■ AVAILABLE DATA:
= = = = = = =

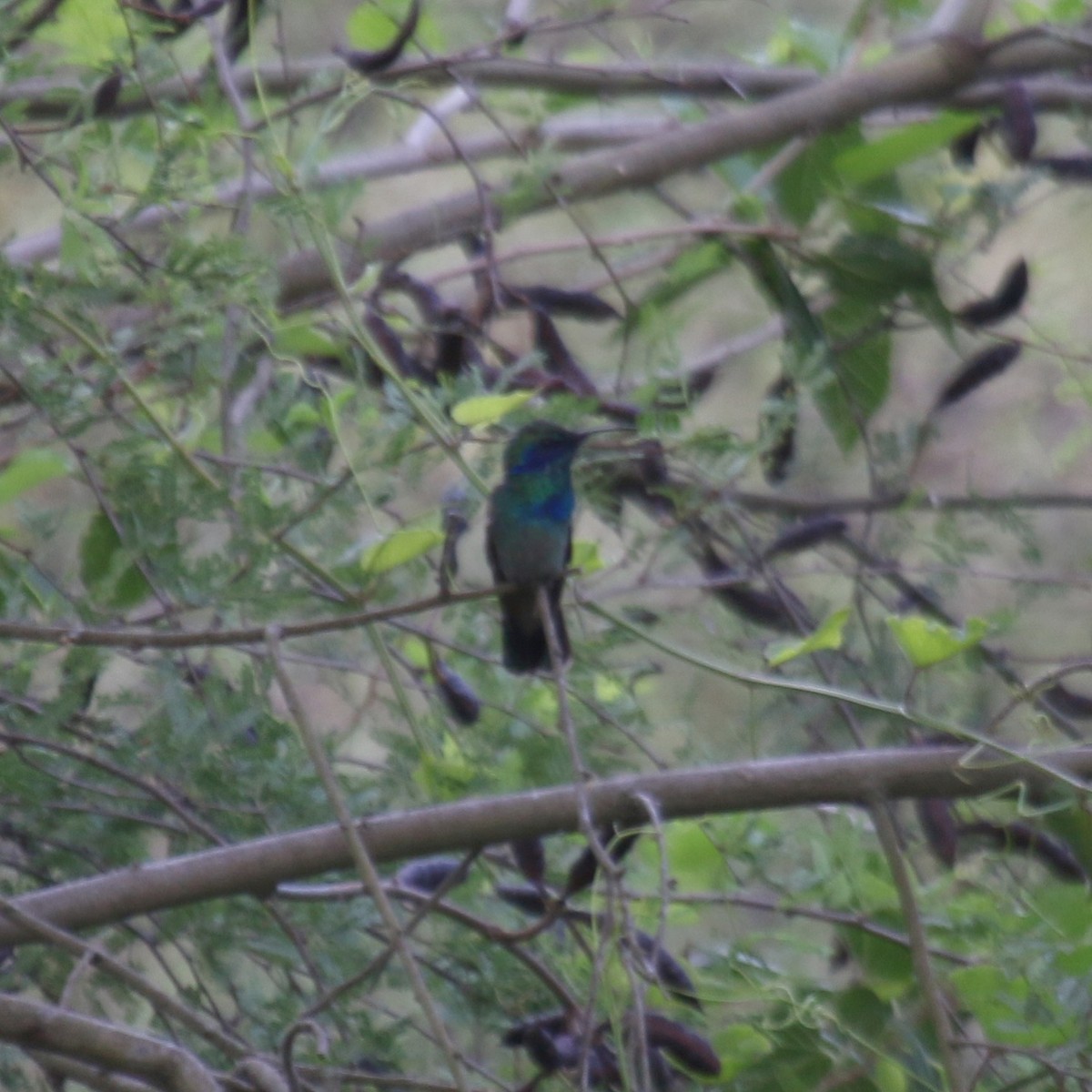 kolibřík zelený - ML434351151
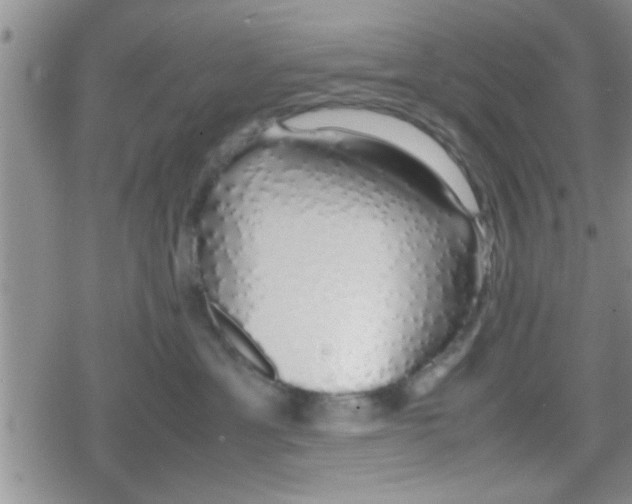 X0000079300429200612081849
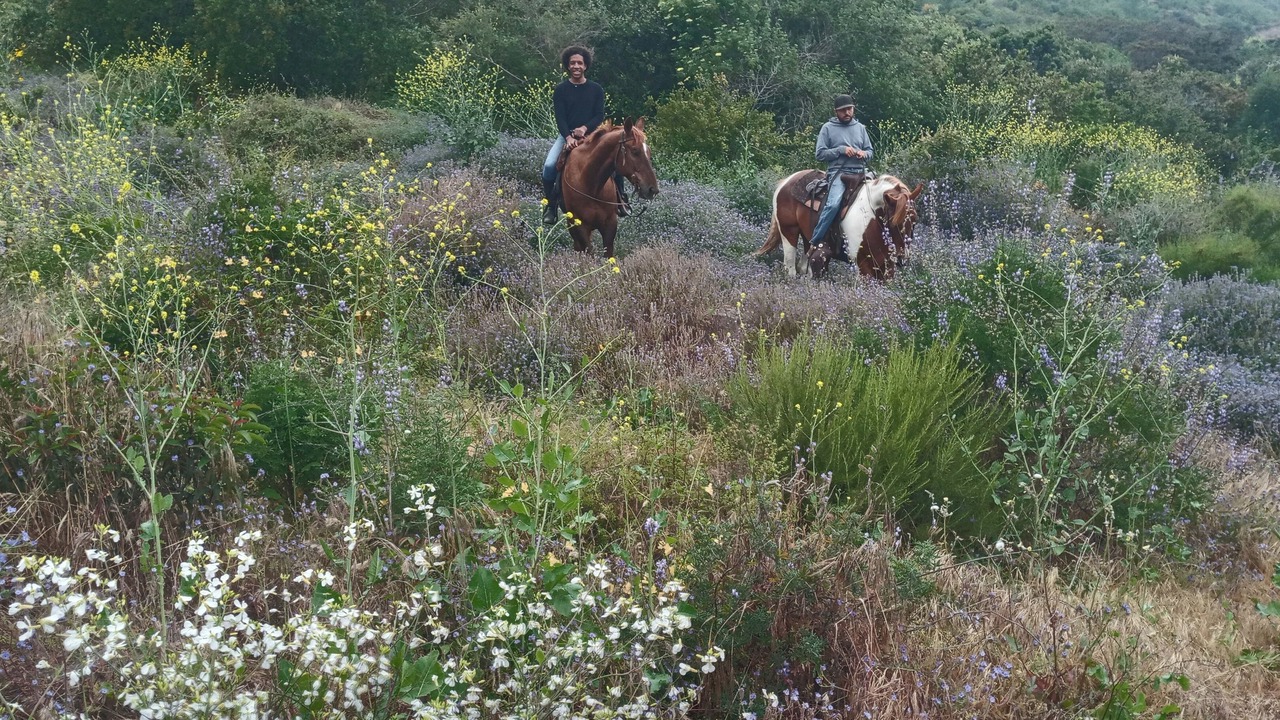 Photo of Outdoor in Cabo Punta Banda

= = = = = = =

■ DESCRIPTION OF THE TASK:
Copy every line of the listing above exactly. Leave each picture out.

■ ANSWER:
 kolibřík zelený - ML434351151
 X0000079300429200612081849
 Photo of Outdoor in Cabo Punta Banda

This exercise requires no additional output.